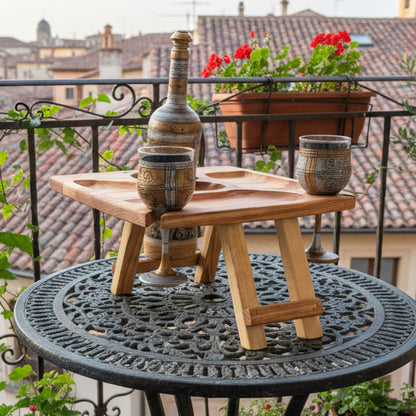 Personalisierter Weintisch aus Eichenholz – Klappbarer Picknicktisch & Couchbar mit Flaschenhalter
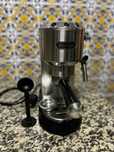 Vende-se máquina de café  marca Delonghi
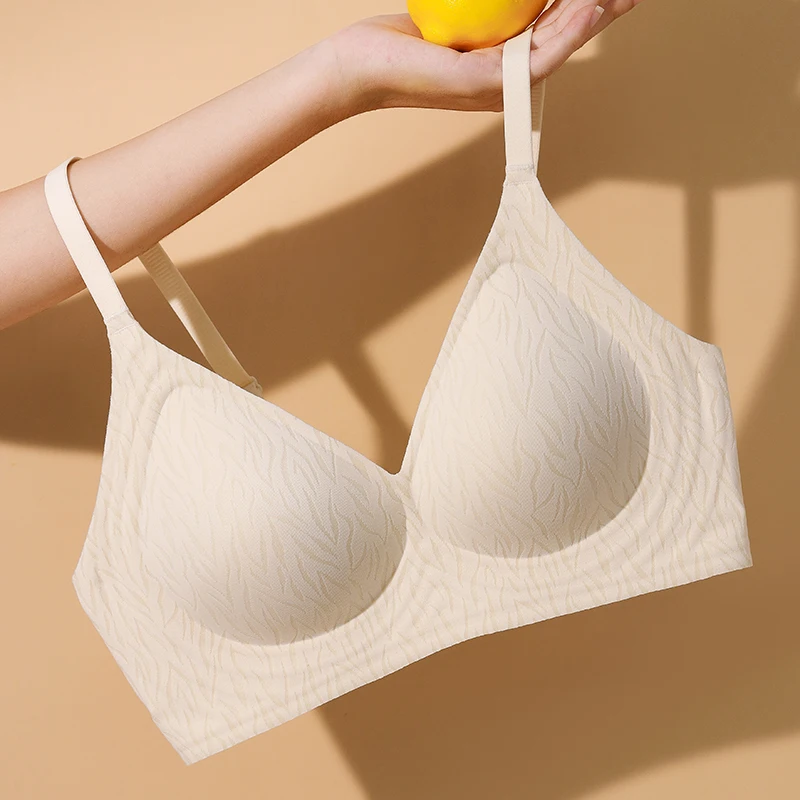 

Summer Seamless Lingerie Women Underwear Gathered Side Breasts Half Fixed Cup Bra Thin No Steal Ring Beautiful Back Comfortable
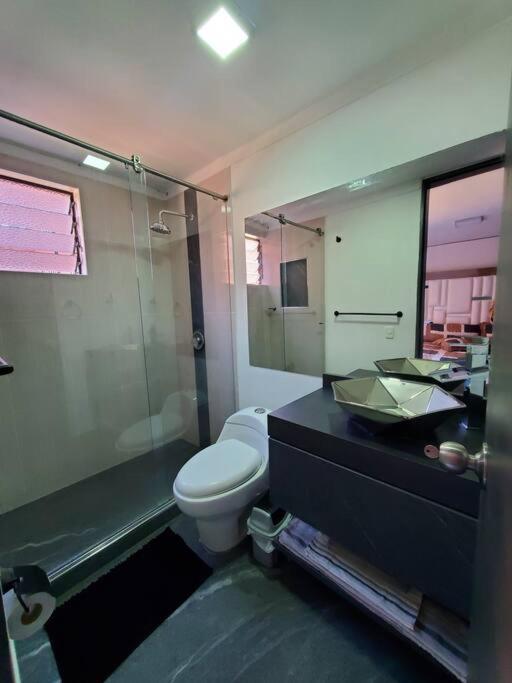 Apartamento Ejecutivo El Poblado Renta Larga 28 dias Amueblado WiFi - Three-Bedroom Apartment - 16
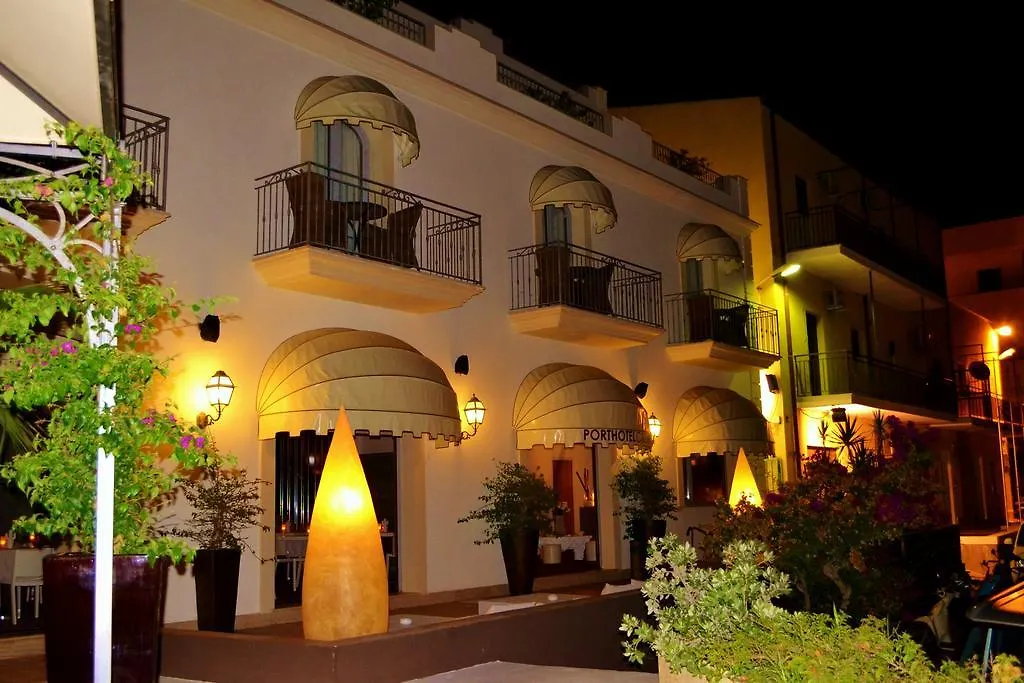 *** Hotel Porthotel Calandra Lampedusa Italia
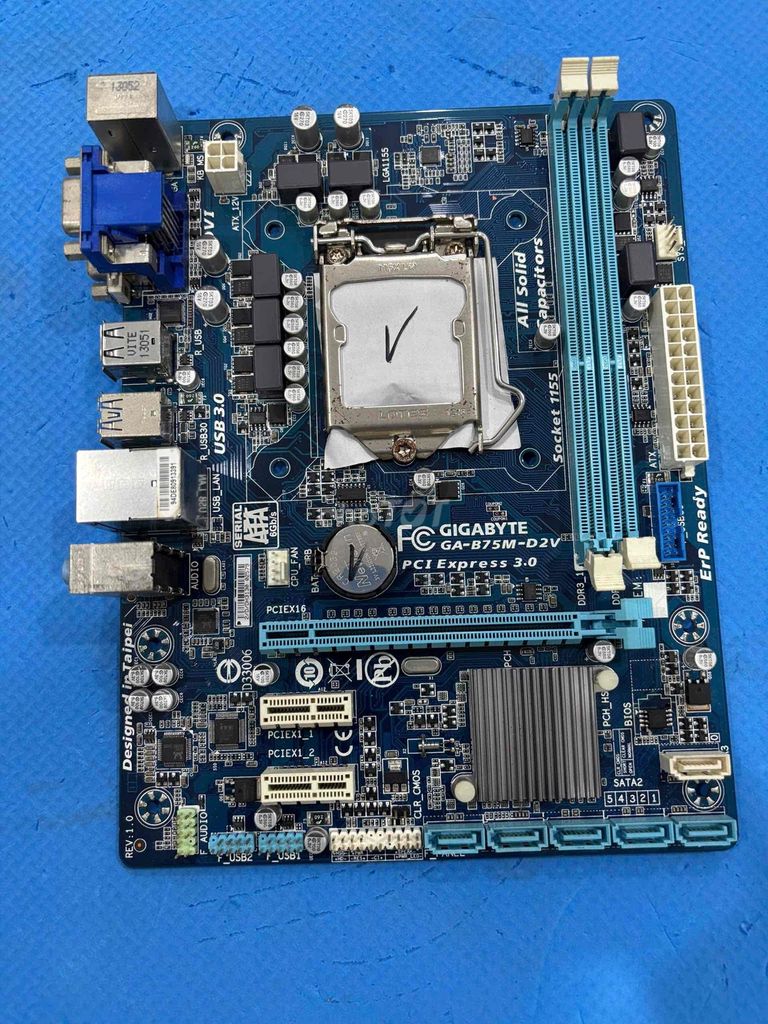 Mainboard Gigabyte GA-B75M-D2V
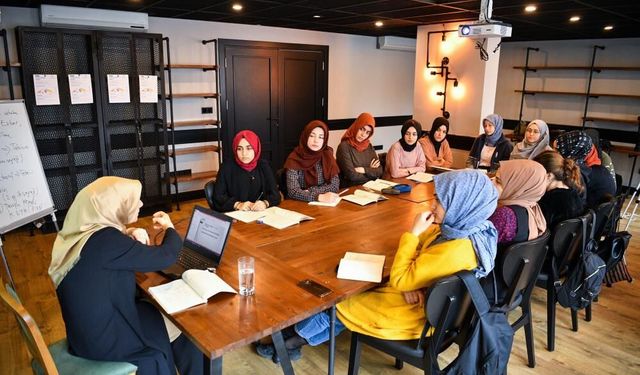 Sakarya'da üniversiteli kız öğrenciler için TÜRGEV yurt başvuruları başladı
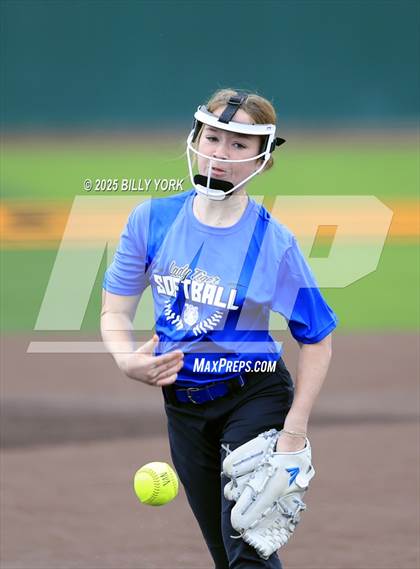 Thumbnail 1 in Wills Point vs Van photogallery.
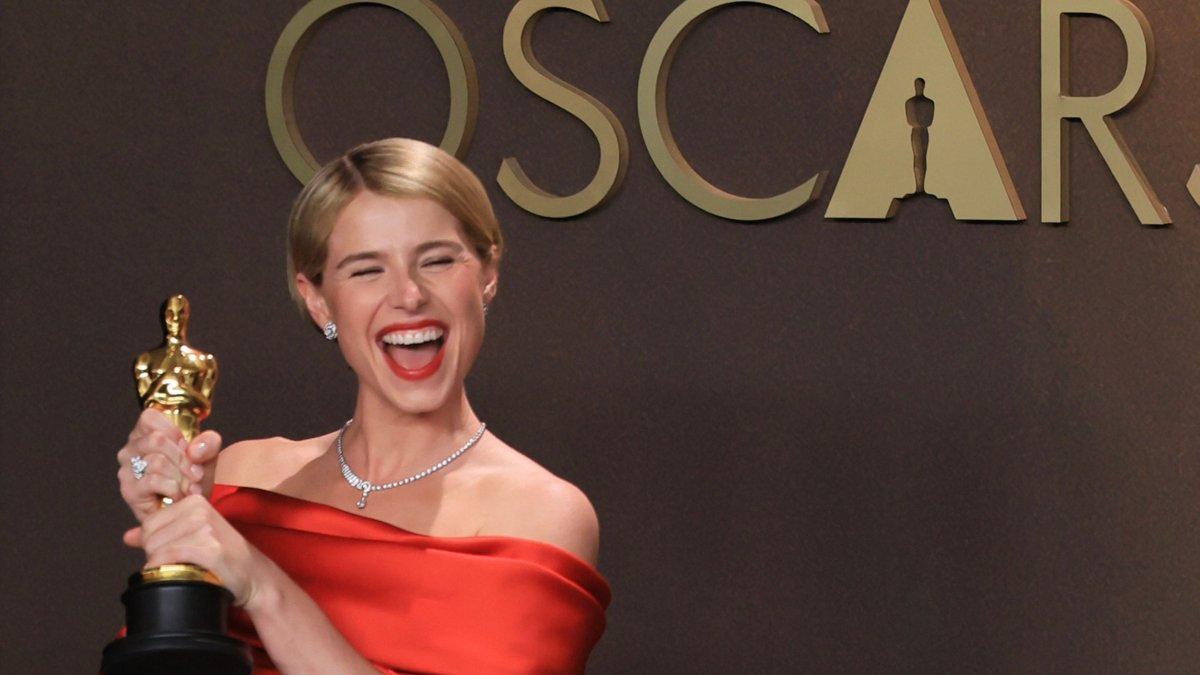 Jessie Buckley al recibir su Óscar.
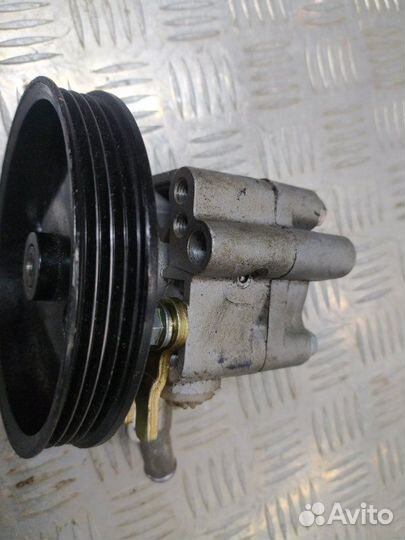 Насос гидроусилителя руля Nissan Almera 2000-2006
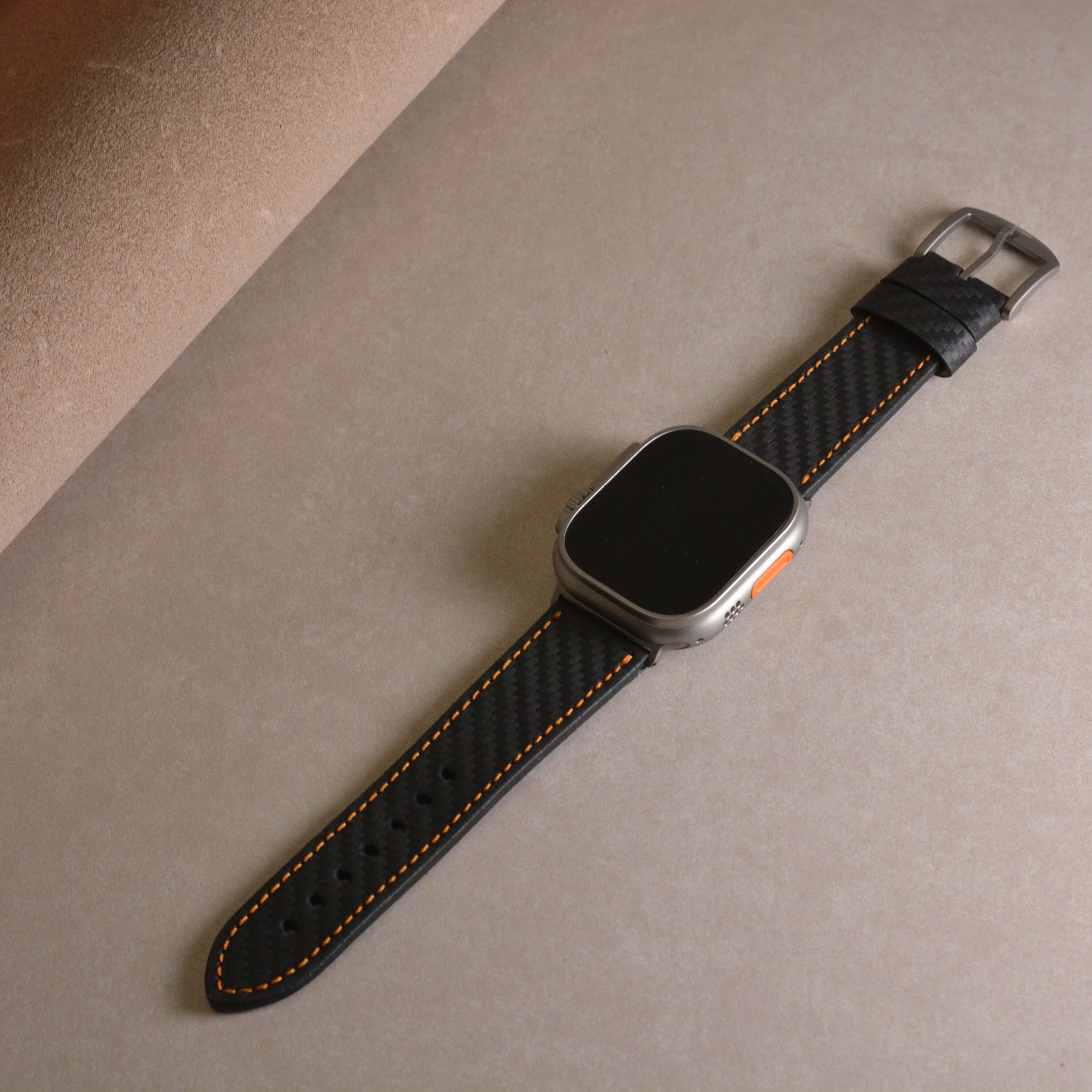 Bergwerk Carbon Orange – Apple Watch Band mit hochwertiger LederCarbon-Struktur - Image 6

__________________________________________________

#### [Problem]
Omit each image and transcribe the remaining records word for word.

#### [Exercise answer]
 Personalisierter Weintisch aus Eichenholz – Klappbarer Picknicktisch & Couchbar mit Flaschenhalter
 Vende-se máquina de café  marca Delonghi

Summer Seamless Lingerie Women Underwear Gathered Side Breasts Half Fixed Cup Bra Thin No Steal Ring Beautiful Back Comfortable
 Apartamento Ejecutivo El Poblado Renta Larga 28 dias Amueblado WiFi - Three-Bedroom Apartment - 16
 *** Hotel Porthotel Calandra Lampedusa Italia
 Mainboard Gigabyte GA-B75M-D2V
 Sakarya'da üniversiteli kız öğrenciler için TÜRGEV yurt başvuruları başladı
 Thumbnail 1 in Wills Point vs Van photogallery.
 Jessie Buckley al recibir su Óscar.
 Насос гидроусилителя руля Nissan Almera 2000-2006
 Bergwerk Carbon Orange – Apple Watch Band mit hochwertiger LederCarbon-Struktur - Image 6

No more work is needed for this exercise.